Ma cosa succede se non coinvolgo gli studenti nella ricerca, se salto il primo passaggio e non chiedo loro, poniamo, quanti argomenti ha il verbo X? Se, come docente, avendo poco tempo e tante cose da fare, avessi l’idea di accelerare il percorso adottando un’altra strada? Io riesco a immaginare una modalità pedante e demotivante di presentazione del modello valenziale: la lezione che si apre con la definizione di verbo e di valenza, seguita da liste di verbi zerovalenti, mono-, bi-, tri-, tetravalenti, accompagnati da esempi, pochi casi facilmente e indiscutibilmente etichettabili, e infine esercizi di riconoscimento ed etichettatura, spesso più problematici degli esempi, e di fronte ai quali gli studenti non sanno che fare. Vi pare del tutto assurda e strampalata questa visione?

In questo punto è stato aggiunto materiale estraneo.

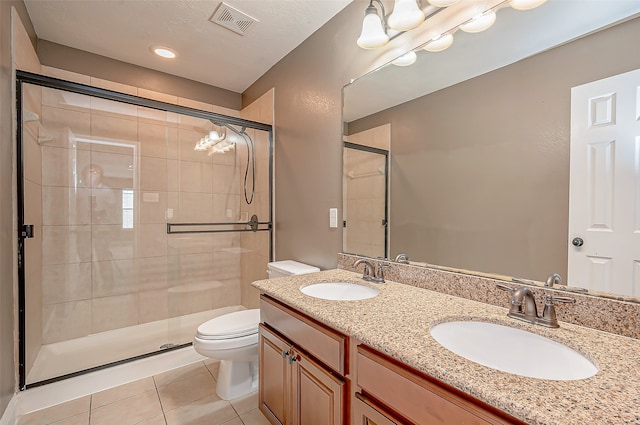 bathroom with tile patterned flooring, a shower with shower door, vanity, and toilet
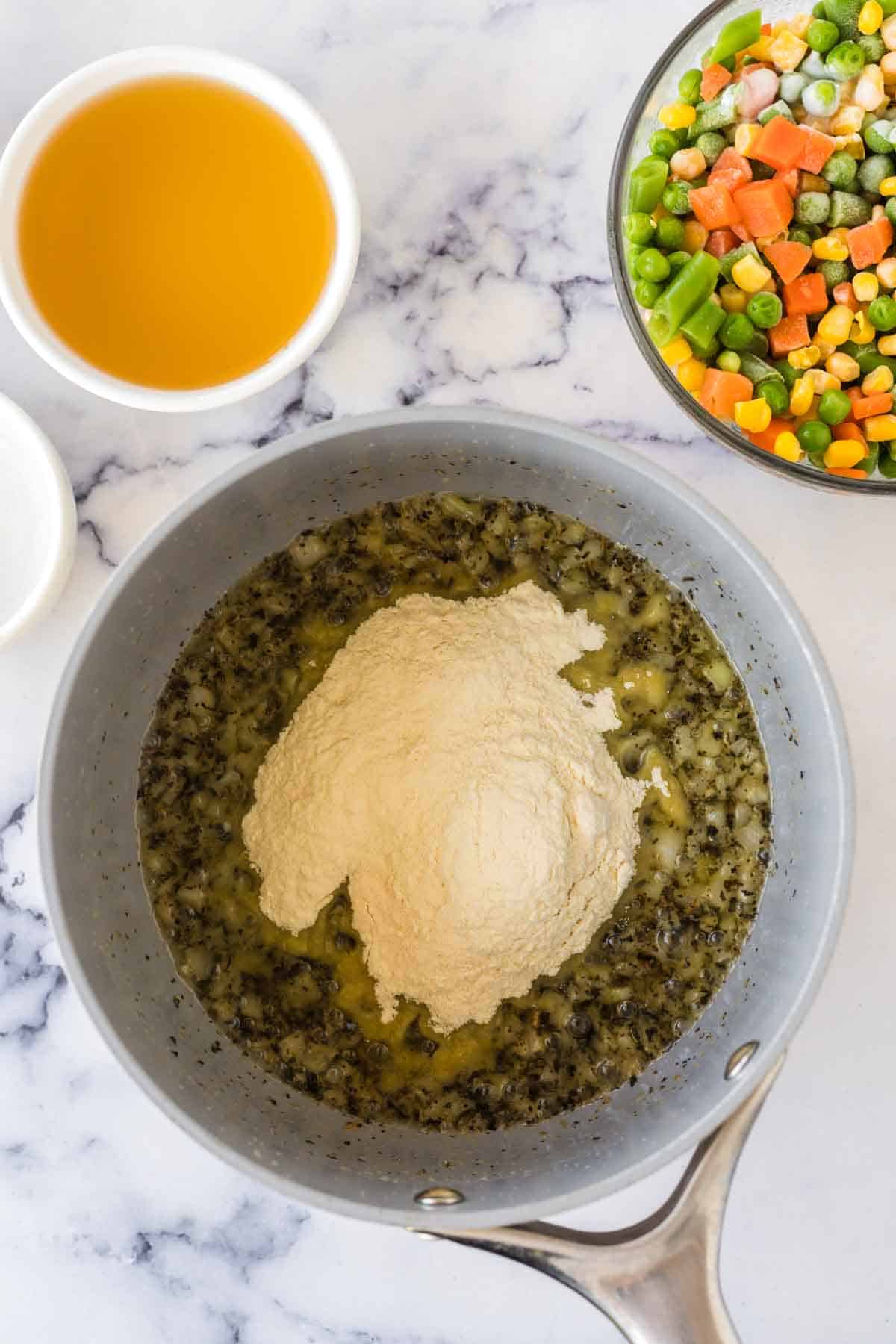 Adding flour to the pot of ingredients for turkey pot pie.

Io penso che qualunque disciplina, qualunque contenuto, anche il più aggiornato e scientificamente fondato, diventi poco appetibile e demotivante se presentato come prodotto già confezionato da assumere e memorizzare, e senza coinvolgere attivamente il cervello del discente. Solo un problema chiaramente individuato – un caso anomalo o imprevisto, una definizione che non regga alla prova dei fatti, una domanda cui non si sappia rispondere ma alla nostra portata – fa scattare le molle della curiosità e dell’interesse, cui segue la ricerca della soluzione. Quindi vorrei dire agli amici dell’INDIRE, e a tutti noi: vigiliamo! La vocazione trasmissiva della vecchia scuola potrebbe prima o poi fare capolino persino nel modello valenziale.
*** l’articolo si trova in Renzi L. (1977), Teorie linguistiche moderne e didattica della lingua materna, in Renzi L. – Cortelazzo M. (a cura di), La lingua italiana oggi: un problema scolastico e sociale, Il Mulino, Bologna, pp. 55-73.